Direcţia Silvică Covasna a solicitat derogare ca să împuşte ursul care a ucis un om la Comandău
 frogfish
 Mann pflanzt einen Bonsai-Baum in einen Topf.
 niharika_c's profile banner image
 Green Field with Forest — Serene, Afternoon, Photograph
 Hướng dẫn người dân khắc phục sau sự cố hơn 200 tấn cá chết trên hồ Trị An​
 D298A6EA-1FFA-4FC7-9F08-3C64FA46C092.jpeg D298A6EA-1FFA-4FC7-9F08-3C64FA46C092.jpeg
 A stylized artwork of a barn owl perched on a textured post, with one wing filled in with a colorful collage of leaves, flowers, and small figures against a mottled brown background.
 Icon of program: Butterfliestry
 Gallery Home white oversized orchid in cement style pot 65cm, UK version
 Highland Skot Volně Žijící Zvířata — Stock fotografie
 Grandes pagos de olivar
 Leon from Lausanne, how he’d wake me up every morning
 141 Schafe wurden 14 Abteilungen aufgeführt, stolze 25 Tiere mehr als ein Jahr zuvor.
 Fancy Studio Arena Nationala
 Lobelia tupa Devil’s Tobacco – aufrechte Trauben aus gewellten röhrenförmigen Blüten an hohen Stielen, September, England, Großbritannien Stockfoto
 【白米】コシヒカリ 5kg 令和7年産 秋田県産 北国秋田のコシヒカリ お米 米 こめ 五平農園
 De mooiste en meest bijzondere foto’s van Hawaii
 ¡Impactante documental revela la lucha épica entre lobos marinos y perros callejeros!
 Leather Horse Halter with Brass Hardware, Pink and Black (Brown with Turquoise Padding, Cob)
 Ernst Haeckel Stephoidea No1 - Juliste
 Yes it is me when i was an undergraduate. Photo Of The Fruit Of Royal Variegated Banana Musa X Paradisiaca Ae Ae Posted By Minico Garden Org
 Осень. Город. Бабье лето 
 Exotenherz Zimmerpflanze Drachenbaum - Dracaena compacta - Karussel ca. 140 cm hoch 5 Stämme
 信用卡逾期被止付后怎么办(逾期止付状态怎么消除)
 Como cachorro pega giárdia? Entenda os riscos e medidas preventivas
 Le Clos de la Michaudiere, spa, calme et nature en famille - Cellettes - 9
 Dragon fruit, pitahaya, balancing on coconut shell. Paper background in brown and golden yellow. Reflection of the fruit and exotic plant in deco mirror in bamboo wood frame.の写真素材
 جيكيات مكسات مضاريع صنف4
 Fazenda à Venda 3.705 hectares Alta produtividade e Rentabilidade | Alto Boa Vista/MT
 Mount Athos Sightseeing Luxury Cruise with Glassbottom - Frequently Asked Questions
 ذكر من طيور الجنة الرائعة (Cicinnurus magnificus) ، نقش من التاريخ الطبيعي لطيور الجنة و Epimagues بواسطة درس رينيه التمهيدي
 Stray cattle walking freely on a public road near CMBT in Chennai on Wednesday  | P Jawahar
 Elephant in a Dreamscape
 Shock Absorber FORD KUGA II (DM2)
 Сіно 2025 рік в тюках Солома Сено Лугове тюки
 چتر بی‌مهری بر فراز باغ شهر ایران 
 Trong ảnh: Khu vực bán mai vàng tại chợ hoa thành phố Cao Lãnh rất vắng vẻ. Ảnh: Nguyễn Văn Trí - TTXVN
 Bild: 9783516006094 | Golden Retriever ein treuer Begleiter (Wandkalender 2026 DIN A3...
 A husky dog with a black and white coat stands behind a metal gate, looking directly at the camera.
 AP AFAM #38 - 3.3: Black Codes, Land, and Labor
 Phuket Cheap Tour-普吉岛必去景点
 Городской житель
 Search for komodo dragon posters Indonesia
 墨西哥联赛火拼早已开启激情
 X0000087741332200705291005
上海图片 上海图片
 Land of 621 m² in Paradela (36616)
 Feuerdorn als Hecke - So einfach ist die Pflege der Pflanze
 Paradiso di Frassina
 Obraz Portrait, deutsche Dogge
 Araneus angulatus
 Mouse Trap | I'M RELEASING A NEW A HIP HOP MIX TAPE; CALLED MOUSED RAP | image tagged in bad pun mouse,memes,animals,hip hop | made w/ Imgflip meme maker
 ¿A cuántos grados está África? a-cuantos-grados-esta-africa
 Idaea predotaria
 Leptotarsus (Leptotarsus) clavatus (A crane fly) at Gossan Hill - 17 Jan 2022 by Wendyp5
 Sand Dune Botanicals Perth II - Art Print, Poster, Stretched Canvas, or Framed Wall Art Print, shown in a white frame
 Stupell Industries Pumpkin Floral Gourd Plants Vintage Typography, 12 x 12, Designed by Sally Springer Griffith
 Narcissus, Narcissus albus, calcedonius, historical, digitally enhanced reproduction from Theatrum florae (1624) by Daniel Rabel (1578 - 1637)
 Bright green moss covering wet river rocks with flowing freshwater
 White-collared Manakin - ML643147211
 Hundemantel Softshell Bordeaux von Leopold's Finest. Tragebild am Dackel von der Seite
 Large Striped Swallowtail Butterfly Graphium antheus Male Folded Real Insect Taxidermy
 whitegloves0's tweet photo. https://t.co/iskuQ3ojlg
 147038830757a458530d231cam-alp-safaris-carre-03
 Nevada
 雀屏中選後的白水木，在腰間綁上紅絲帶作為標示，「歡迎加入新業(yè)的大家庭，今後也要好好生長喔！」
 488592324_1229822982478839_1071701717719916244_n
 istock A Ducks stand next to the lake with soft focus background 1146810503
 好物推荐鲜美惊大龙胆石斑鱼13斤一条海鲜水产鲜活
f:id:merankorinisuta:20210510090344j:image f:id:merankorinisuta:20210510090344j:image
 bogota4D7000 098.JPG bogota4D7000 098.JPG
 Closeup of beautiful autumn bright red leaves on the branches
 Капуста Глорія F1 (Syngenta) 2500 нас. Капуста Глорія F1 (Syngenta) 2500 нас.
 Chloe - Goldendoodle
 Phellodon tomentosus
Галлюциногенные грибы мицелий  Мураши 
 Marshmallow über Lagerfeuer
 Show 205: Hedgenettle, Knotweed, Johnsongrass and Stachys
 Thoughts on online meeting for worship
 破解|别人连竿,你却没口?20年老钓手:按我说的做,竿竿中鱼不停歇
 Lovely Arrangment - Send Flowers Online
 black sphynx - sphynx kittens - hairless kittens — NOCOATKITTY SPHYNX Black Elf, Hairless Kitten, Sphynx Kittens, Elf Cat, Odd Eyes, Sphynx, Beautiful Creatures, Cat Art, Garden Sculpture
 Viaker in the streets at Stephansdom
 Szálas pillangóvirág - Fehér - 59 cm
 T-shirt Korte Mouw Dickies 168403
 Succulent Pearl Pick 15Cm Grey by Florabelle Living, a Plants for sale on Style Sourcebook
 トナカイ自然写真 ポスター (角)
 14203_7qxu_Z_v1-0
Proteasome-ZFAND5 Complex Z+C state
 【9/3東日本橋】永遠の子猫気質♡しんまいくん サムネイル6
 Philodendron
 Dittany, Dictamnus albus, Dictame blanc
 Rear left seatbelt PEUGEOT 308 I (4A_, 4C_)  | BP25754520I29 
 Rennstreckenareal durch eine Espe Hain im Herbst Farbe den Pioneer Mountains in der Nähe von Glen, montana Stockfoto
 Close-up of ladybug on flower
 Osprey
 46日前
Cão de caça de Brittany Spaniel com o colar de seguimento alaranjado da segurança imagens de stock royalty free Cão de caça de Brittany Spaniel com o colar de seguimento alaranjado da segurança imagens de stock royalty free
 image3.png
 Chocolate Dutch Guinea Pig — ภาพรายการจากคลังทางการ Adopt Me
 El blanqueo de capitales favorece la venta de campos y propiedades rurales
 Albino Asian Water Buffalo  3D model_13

• _PROBLEM STATEMENT_: Reproduce the listing in full. Change nothing.

• _YOUR SOLUTION_:
Direcţia Silvică Covasna a solicitat derogare ca să împuşte ursul care a ucis un om la Comandău
 frogfish
 Mann pflanzt einen Bonsai-Baum in einen Topf.
 niharika_c's profile banner image
 Green Field with Forest — Serene, Afternoon, Photograph
 Hướng dẫn người dân khắc phục sau sự cố hơn 200 tấn cá chết trên hồ Trị An​
 D298A6EA-1FFA-4FC7-9F08-3C64FA46C092.jpeg D298A6EA-1FFA-4FC7-9F08-3C64FA46C092.jpeg
 A stylized artwork of a barn owl perched on a textured post, with one wing filled in with a colorful collage of leaves, flowers, and small figures against a mottled brown background.
 Icon of program: Butterfliestry
 Gallery Home white oversized orchid in cement style pot 65cm, UK version
 Highland Skot Volně Žijící Zvířata — Stock fotografie
 Grandes pagos de olivar
 Leon from Lausanne, how he’d wake me up every morning
 141 Schafe wurden 14 Abteilungen aufgeführt, stolze 25 Tiere mehr als ein Jahr zuvor.
 Fancy Studio Arena Nationala
 Lobelia tupa Devil’s Tobacco – aufrechte Trauben aus gewellten röhrenförmigen Blüten an hohen Stielen, September, England, Großbritannien Stockfoto
 【白米】コシヒカリ 5kg 令和7年産 秋田県産 北国秋田のコシヒカリ お米 米 こめ 五平農園
 De mooiste en meest bijzondere foto’s van Hawaii
 ¡Impactante documental revela la lucha épica entre lobos marinos y perros callejeros!
 Leather Horse Halter with Brass Hardware, Pink and Black (Brown with Turquoise Padding, Cob)
 Ernst Haeckel Stephoidea No1 - Juliste
 Yes it is me when i was an undergraduate. Photo Of The Fruit Of Royal Variegated Banana Musa X Paradisiaca Ae Ae Posted By Minico Garden Org
 Осень. Город. Бабье лето 
 Exotenherz Zimmerpflanze Drachenbaum - Dracaena compacta - Karussel ca. 140 cm hoch 5 Stämme
 信用卡逾期被止付后怎么办(逾期止付状态怎么消除)
 Como cachorro pega giárdia? Entenda os riscos e medidas preventivas
 Le Clos de la Michaudiere, spa, calme et nature en famille - Cellettes - 9
 Dragon fruit, pitahaya, balancing on coconut shell. Paper background in brown and golden yellow. Reflection of the fruit and exotic plant in deco mirror in bamboo wood frame.の写真素材
 جيكيات مكسات مضاريع صنف4
 Fazenda à Venda 3.705 hectares Alta produtividade e Rentabilidade | Alto Boa Vista/MT
 Mount Athos Sightseeing Luxury Cruise with Glassbottom - Frequently Asked Questions
 ذكر من طيور الجنة الرائعة (Cicinnurus magnificus) ، نقش من التاريخ الطبيعي لطيور الجنة و Epimagues بواسطة درس رينيه التمهيدي
 Stray cattle walking freely on a public road near CMBT in Chennai on Wednesday  | P Jawahar
 Elephant in a Dreamscape
 Shock Absorber FORD KUGA II (DM2)
 Сіно 2025 рік в тюках Солома Сено Лугове тюки
 چتر بی‌مهری بر فراز باغ شهر ایران 
 Trong ảnh: Khu vực bán mai vàng tại chợ hoa thành phố Cao Lãnh rất vắng vẻ. Ảnh: Nguyễn Văn Trí - TTXVN
 Bild: 9783516006094 | Golden Retriever ein treuer Begleiter (Wandkalender 2026 DIN A3...
 A husky dog with a black and white coat stands behind a metal gate, looking directly at the camera.
 AP AFAM #38 - 3.3: Black Codes, Land, and Labor
 Phuket Cheap Tour-普吉岛必去景点
 Городской житель
 Search for komodo dragon posters Indonesia
 墨西哥联赛火拼早已开启激情
 X0000087741332200705291005
上海图片 上海图片
 Land of 621 m² in Paradela (36616)
 Feuerdorn als Hecke - So einfach ist die Pflege der Pflanze
 Paradiso di Frassina
 Obraz Portrait, deutsche Dogge
 Araneus angulatus
 Mouse Trap | I'M RELEASING A NEW A HIP HOP MIX TAPE; CALLED MOUSED RAP | image tagged in bad pun mouse,memes,animals,hip hop | made w/ Imgflip meme maker
 ¿A cuántos grados está África? a-cuantos-grados-esta-africa
 Idaea predotaria
 Leptotarsus (Leptotarsus) clavatus (A crane fly) at Gossan Hill - 17 Jan 2022 by Wendyp5
 Sand Dune Botanicals Perth II - Art Print, Poster, Stretched Canvas, or Framed Wall Art Print, shown in a white frame
 Stupell Industries Pumpkin Floral Gourd Plants Vintage Typography, 12 x 12, Designed by Sally Springer Griffith
 Narcissus, Narcissus albus, calcedonius, historical, digitally enhanced reproduction from Theatrum florae (1624) by Daniel Rabel (1578 - 1637)
 Bright green moss covering wet river rocks with flowing freshwater
 White-collared Manakin - ML643147211
 Hundemantel Softshell Bordeaux von Leopold's Finest. Tragebild am Dackel von der Seite
 Large Striped Swallowtail Butterfly Graphium antheus Male Folded Real Insect Taxidermy
 whitegloves0's tweet photo. https://t.co/iskuQ3ojlg
 147038830757a458530d231cam-alp-safaris-carre-03
 Nevada
 雀屏中選後的白水木，在腰間綁上紅絲帶作為標示，「歡迎加入新業(yè)的大家庭，今後也要好好生長喔！」
 488592324_1229822982478839_1071701717719916244_n
 istock A Ducks stand next to the lake with soft focus background 1146810503
 好物推荐鲜美惊大龙胆石斑鱼13斤一条海鲜水产鲜活
f:id:merankorinisuta:20210510090344j:image f:id:merankorinisuta:20210510090344j:image
 bogota4D7000 098.JPG bogota4D7000 098.JPG
 Closeup of beautiful autumn bright red leaves on the branches
 Капуста Глорія F1 (Syngenta) 2500 нас. Капуста Глорія F1 (Syngenta) 2500 нас.
 Chloe - Goldendoodle
 Phellodon tomentosus
Галлюциногенные грибы мицелий  Мураши 
 Marshmallow über Lagerfeuer
 Show 205: Hedgenettle, Knotweed, Johnsongrass and Stachys
 Thoughts on online meeting for worship
 破解|别人连竿,你却没口?20年老钓手:按我说的做,竿竿中鱼不停歇
 Lovely Arrangment - Send Flowers Online
 black sphynx - sphynx kittens - hairless kittens — NOCOATKITTY SPHYNX Black Elf, Hairless Kitten, Sphynx Kittens, Elf Cat, Odd Eyes, Sphynx, Beautiful Creatures, Cat Art, Garden Sculpture
 Viaker in the streets at Stephansdom
 Szálas pillangóvirág - Fehér - 59 cm
 T-shirt Korte Mouw Dickies 168403
 Succulent Pearl Pick 15Cm Grey by Florabelle Living, a Plants for sale on Style Sourcebook
 トナカイ自然写真 ポスター (角)
 14203_7qxu_Z_v1-0
Proteasome-ZFAND5 Complex Z+C state
 【9/3東日本橋】永遠の子猫気質♡しんまいくん サムネイル6
 Philodendron
 Dittany, Dictamnus albus, Dictame blanc
 Rear left seatbelt PEUGEOT 308 I (4A_, 4C_)  | BP25754520I29 
 Rennstreckenareal durch eine Espe Hain im Herbst Farbe den Pioneer Mountains in der Nähe von Glen, montana Stockfoto
 Close-up of ladybug on flower
 Osprey
 46日前
Cão de caça de Brittany Spaniel com o colar de seguimento alaranjado da segurança imagens de stock royalty free Cão de caça de Brittany Spaniel com o colar de seguimento alaranjado da segurança imagens de stock royalty free
 image3.png
 Chocolate Dutch Guinea Pig — ภาพรายการจากคลังทางการ Adopt Me
 El blanqueo de capitales favorece la venta de campos y propiedades rurales
 Albino Asian Water Buffalo  3D model_13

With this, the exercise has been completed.